Faculty research

05/06/2022

Faculty research

Dr. Charles Daws plans to work with the Bureau of Criminal Investigation's crime lab to improve testing techniques during his fall sabbatical.

Faculty awarded grants, sabbaticals 

Bluffton University faculty members were recently recognized at the annual Dean’s Reception, an academic year-end event honoring faculty who have been awarded grants, sabbaticals and other scholarly endeavors.

The following faculty received summer 2022 Bluffton University Research Center grants, which provide $2,000 and up to $300 for research-related expenses.

  • Emily Buckell, assistant professor of Spanish, will write a comprehension-based early reader in Spanish on the life of Baldemar Velasquez, a 1969 Bluffton graduate and founder of the Farm Labor Organizing Committee (FLOC).  
  • Dr. Amy Mullins, associate professor of education, will work on an app and additional literacy resources for young adult students based on her previous work with the phonics resource she developed called “Crack the Code.”
  • Dr. Luke Myers, associate professor of physics, will expand on his Ph.D. work involving the use of intense light rays to study neutrons. 

Bluffton also offers endowed faculty scholarship grants. Each grant provides the equivalent of a six-hour course release over two years. 

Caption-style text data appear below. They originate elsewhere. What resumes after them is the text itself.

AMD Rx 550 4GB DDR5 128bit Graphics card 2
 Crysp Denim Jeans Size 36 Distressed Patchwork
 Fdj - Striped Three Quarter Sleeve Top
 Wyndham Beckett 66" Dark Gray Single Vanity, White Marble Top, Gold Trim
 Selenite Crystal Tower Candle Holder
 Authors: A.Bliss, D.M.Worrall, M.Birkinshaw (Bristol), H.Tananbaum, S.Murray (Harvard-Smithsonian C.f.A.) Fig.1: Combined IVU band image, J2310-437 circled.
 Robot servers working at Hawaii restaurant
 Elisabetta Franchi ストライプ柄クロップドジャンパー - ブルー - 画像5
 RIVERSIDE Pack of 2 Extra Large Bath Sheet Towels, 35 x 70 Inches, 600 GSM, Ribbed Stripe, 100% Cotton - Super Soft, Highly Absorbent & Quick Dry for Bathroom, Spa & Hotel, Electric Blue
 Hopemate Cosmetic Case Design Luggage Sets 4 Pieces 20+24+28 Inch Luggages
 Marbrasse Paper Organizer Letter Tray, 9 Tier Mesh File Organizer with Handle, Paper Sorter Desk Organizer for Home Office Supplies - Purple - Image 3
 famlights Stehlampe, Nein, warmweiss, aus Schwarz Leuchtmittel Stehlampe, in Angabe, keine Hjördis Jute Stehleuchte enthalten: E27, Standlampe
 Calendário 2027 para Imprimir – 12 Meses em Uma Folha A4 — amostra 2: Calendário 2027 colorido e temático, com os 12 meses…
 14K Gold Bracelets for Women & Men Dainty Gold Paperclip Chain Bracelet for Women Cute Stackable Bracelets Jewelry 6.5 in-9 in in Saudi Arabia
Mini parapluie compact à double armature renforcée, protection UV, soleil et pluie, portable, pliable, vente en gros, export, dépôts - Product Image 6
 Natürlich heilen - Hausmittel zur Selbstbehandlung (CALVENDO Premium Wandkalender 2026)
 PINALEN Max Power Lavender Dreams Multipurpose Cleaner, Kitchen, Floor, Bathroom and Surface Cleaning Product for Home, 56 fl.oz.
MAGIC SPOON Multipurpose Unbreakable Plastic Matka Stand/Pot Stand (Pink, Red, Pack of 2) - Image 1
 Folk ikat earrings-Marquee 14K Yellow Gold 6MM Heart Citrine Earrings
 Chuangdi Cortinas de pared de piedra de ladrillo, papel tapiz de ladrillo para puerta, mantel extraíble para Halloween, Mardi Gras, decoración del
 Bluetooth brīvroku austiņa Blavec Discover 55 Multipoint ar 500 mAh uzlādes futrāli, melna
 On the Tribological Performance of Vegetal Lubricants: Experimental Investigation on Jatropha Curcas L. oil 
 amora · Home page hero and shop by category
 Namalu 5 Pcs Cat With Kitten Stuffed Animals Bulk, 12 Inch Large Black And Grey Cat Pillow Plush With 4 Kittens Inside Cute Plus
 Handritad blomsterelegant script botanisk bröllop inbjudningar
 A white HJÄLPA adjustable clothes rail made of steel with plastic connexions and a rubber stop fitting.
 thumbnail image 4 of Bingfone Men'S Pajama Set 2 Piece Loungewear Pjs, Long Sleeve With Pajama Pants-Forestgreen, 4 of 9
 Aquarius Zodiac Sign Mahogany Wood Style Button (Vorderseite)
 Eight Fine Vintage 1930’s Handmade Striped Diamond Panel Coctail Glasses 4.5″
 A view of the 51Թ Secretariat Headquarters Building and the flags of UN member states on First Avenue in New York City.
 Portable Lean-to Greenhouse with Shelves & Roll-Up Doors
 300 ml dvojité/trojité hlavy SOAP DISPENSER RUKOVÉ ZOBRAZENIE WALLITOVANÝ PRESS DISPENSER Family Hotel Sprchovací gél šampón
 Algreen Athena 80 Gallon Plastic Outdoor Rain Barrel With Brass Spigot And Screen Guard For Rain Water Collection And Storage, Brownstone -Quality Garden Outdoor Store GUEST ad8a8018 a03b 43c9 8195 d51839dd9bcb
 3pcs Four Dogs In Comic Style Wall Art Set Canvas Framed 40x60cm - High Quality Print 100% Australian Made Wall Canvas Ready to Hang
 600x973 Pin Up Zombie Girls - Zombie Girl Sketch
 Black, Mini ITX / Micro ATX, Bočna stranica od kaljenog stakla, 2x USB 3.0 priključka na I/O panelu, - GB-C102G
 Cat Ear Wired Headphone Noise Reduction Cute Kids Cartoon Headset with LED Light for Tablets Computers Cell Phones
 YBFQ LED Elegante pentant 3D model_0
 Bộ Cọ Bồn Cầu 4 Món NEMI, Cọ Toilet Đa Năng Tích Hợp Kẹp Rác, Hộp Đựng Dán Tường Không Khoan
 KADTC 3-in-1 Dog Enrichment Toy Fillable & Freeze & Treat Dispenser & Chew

  • Dr. Christopher Morrissey, assistant professor of sociology, was awarded the Karl Schultz Faculty Scholarship Grant for the 2022-24 academic years. Morrissey is working on his next book project on the call to “love one’s neighbor” using the tools of sociology. 
  • Dr. Martina Cucchiara, associate professor of history, was previously awarded the Naomi E. Lehman Faculty Scholarship Grant for the 2020-22 academic years. She is working on a book titled “Bitter Times: Catholic Sisters in Hitler’s Germany, 1933-1945.”

One faculty member, meanwhile, has been granted a sabbatical. 

  • Dr. Charles Daws, professor of chemistry, has been granted a sabbatical for the fall 2022 term. He will work with the Bureau of Criminal Investigation’s crime lab at Bowling Green State University on research projects such as improving testing techniques and sensitivity for BCI tools.